Segment Start: Material provided

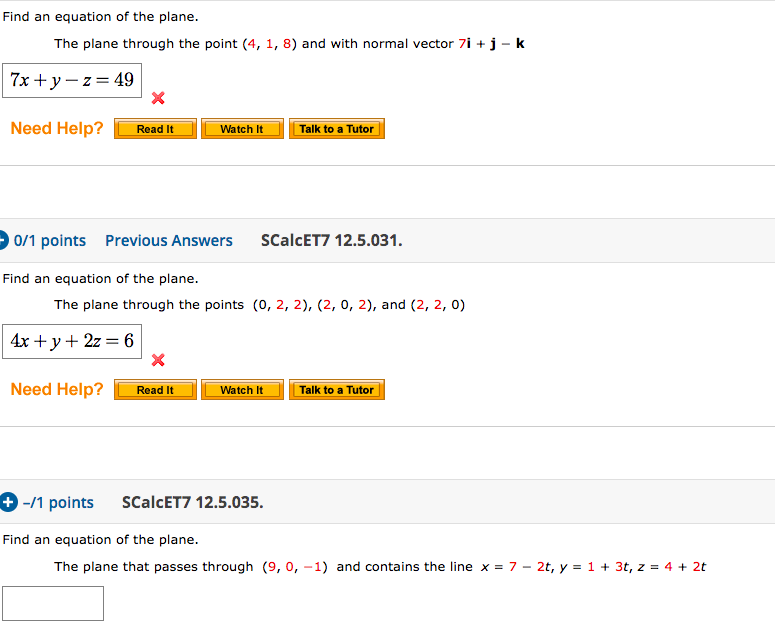 Solved Find an equation of the plane. The plane through the | Chegg.com
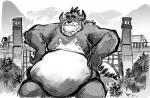 anthro belly detailed_background humanoid_hands macro male overweight overweight_anthro overweight_male sitting solo aokamidu rumble_(movie) steve_(rumble) monster 2020 monochrome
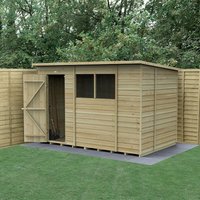 Product photograph of 10 X 6 Forest 4life 25yr Guarantee Overlap Pressure Treated Pent Wooden Shed 3 11m X 2 05m from Buy Sheds Direct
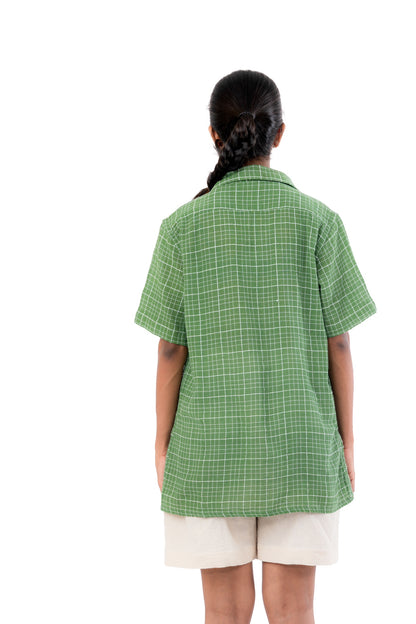 Green Mirror Work Handloom Shirt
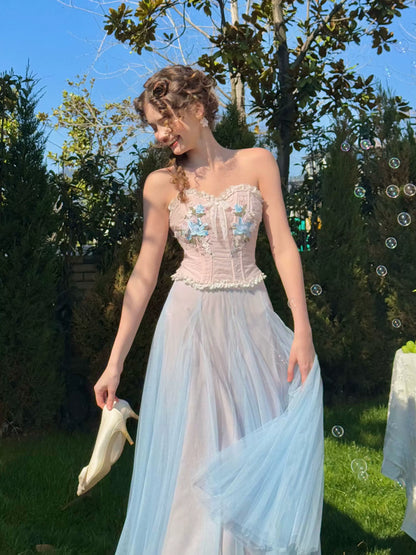 Blue Lily Strapless Corset Top &amp; Mesh Skirt Set
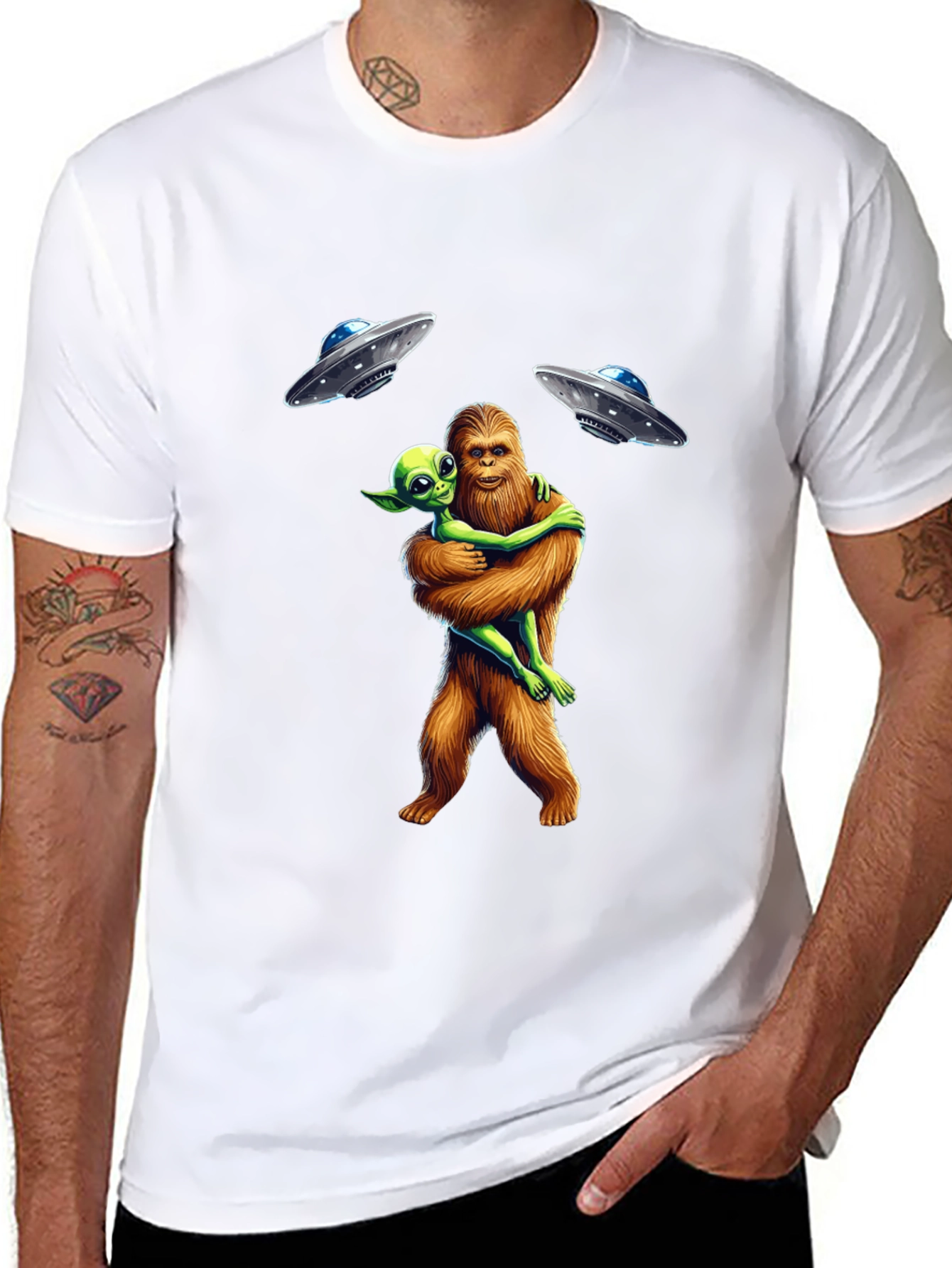 Bigfoot & Alien Hug T-Shirt: UFO Graphic Tee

Segment End: Material provided

▸ Work request
Print every record above exactly, with no pictures.

▸ Result of this task
 Solved Find an equation of the plane. The plane through the | Chegg.com
 anthro belly detailed_background humanoid_hands macro male overweight overweight_anthro overweight_male sitting solo aokamidu rumble_(movie) steve_(rumble) monster 2020 monochrome
 Product photograph of 10 X 6 Forest 4life 25yr Guarantee Overlap Pressure Treated Pent Wooden Shed 3 11m X 2 05m from Buy Sheds Direct
 Green Mirror Work Handloom Shirt
 Blue Lily Strapless Corset Top &amp; Mesh Skirt Set
 Bigfoot & Alien Hug T-Shirt: UFO Graphic Tee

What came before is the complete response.